**Data block**
══════
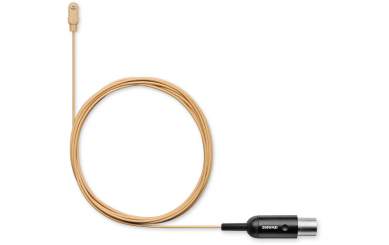 Shure DL4T/O-LM3-A DuraPlex DL4 Lavaliermikrofon, Kugelcharakteristik, LEMO-Stecker, beige, inkl. Zubehör 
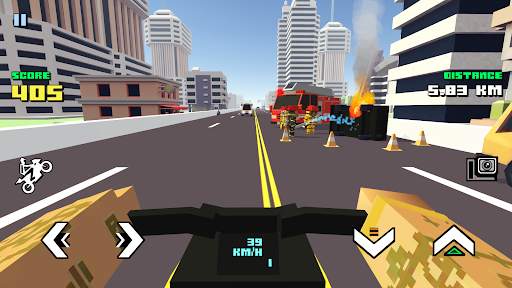 Blocky Moto Racing - motory screenshot 6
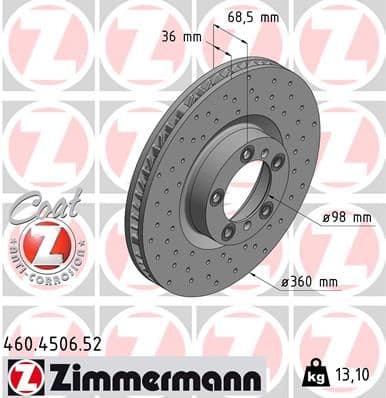 Disc frana ZIMMERMANN SPORT Z 460.4506.52
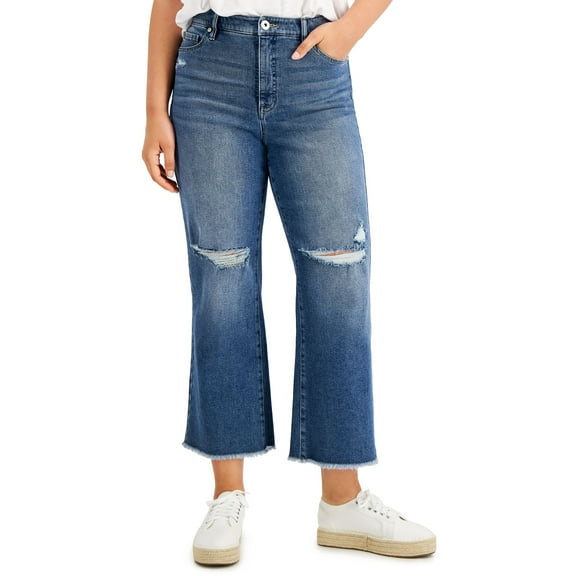 Wide-Leg Cropped Jeans Santa Ana 14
══════
**Activity**
Drop the images and copy all the data exactly.

**Answer to this exercise**
 Shure DL4T/O-LM3-A DuraPlex DL4 Lavaliermikrofon, Kugelcharakteristik, LEMO-Stecker, beige, inkl. Zubehör 
 Blocky Moto Racing - motory screenshot 6
 Disc frana ZIMMERMANN SPORT Z 460.4506.52
 Wide-Leg Cropped Jeans Santa Ana 14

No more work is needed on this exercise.